Banks will not fund McInerney into the future

Updated: 22:15, Friday, 10 September 2010

A syndicate of three banks owed €114.5m by McInerney Homes has told the High Court it will not fund the company into the future.

1 of 1 McInerney Homes  Banks 'strongly opposing' the appointment of an examiner
McInerney Homes
Banks 'strongly opposing' the appointment of an examiner

Lawyers opposing a petition for the appointment of an examiner for Bank of Ireland, KBC and Anglo Irish Bank have said that the rescue plan for the company will not succeed and will not have its support.

Barrister Rossa Fanning said the matter should end there as an independent assessment said the support of the banks was crucial.

He said an examinership process would give the company court protection from creditors and would be the worst of both worlds for the banks.

Mr Fanning said the company's debt would be slashed and they would be tied involuntarily to the fortunes of a group of companies.

He argued that to do so on a non consensual basis was legally impossible.

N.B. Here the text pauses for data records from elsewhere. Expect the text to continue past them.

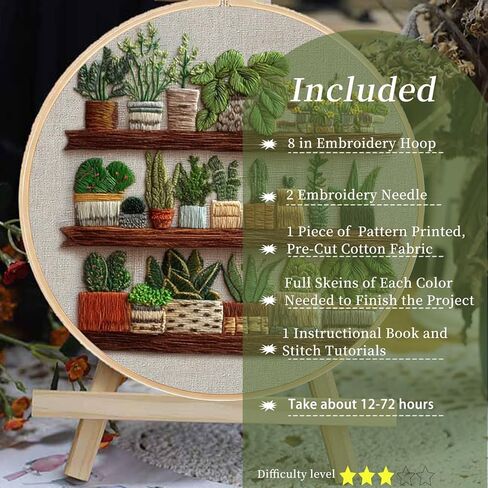 FONNUY Green Plant Embroidery Kit, Petite Potted Plants Patterns, Cross Stitch Kits for Adults and Beginners, Handmade Crafts with Printed Pattern Set, Thread Needlework, 8'' Hoop (Greeen A02) in Saudi Arabia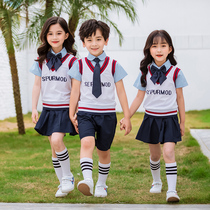 Kindergarten garden clothes summer clothes British style short sleeve set college class clothes children graduation performance clothes primary school uniforms
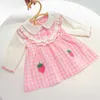 2021 Jesień Niemowlę Baby Girls Dress Na 1 Rok Toddler Girl Odzież Długim Rękawem Plaid Princess Birthday Suknie Dziecko Odzież q0716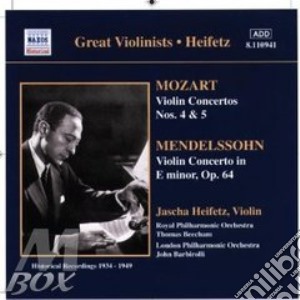 Jascha Heifetz: Plays Mozart, Mendelssohn - VIolin Concertos cd musicale di HEIFETZ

Mr Fanning said the rights of a secured creditor should 'not be sacrificed on the altar of the preservation of an enterprise that is grossly insolvent.'

He maintained that the company's projections for the future were 'clearly flawed and entirely speculative.'

Lawyers for McInerney Homes have told the High Court that the implications of a possible collapse of the company go much further than its 100 employees.

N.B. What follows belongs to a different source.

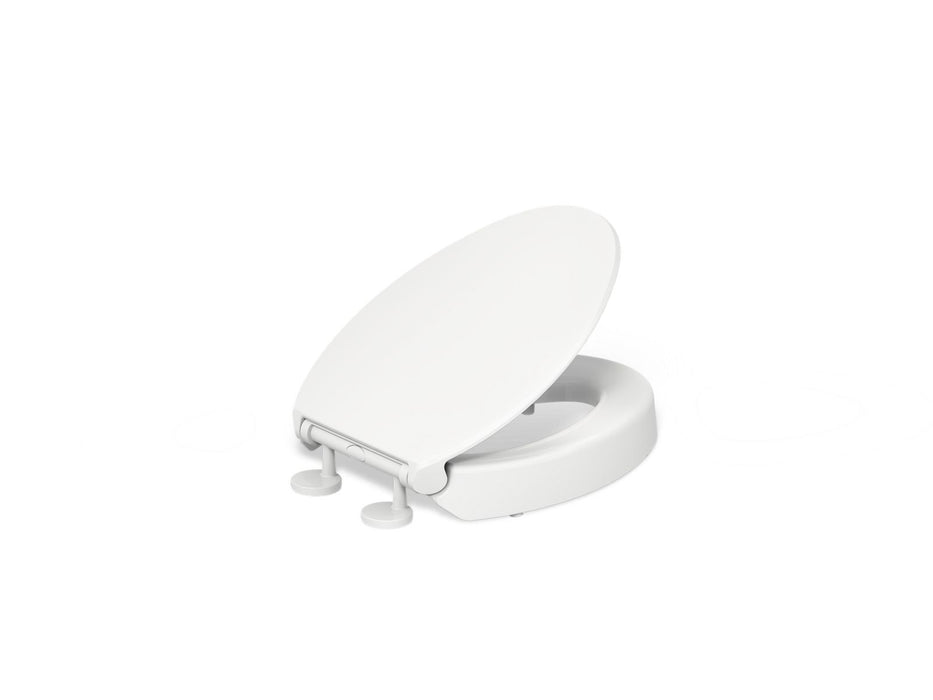 KOHLER K-25875 Hyten Elevated Quiet-Close elongated toilet seat, white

The court has been urged to confirm the appointment of an examiner after hearing that the home building firm has a reasonable prospect of survival.

Senior Counsel John Hennessey said the management of the company was shocked and surprised when the banks decided to withdraw funding and cancel its overdraft last month.

He said the decision was made 'literally overnight' and may have been influenced by NAMA.

The company's loans have not yet been transferred to NAMA but could be in the coming months, he said.

Mr Hennessy told Mr Justice Frank Clarke that the 100-year-old company was 'an ideal candidate' for examinership.

He said there was a business plan in place with independent approval, and an investor willing to invest. He said it was a business waiting to take off again.

Mr Hennessy said that there was no sense that it had been mismanaged, it had not engaged in speculative development, had operated a conservative business model and re-invested profits over the years. However, the driver of the group's difficulty was the property crash.

The business plan presented to the court predicts zero growth in house prices for the first two years followed by 2%, 3% and 5% in the following three years.

The opposing banks have said that the rescue plan for the company will not succeed and will not have its support.

However, Mr Hennessy said it was difficult to see the commercial reasoning behind the banks' position.

He said the banks were proposing to recoup their money through receivership but would not come out with any more than they would under the company's rescue plan.

'The question now for the court is do you get rid of a 100-year-old business, destroy jobs and a business serving the community because the banks would prefer to get their money through receivership', he said.

The case before Mr Justice Frank Clarke will give his judgment on Monday.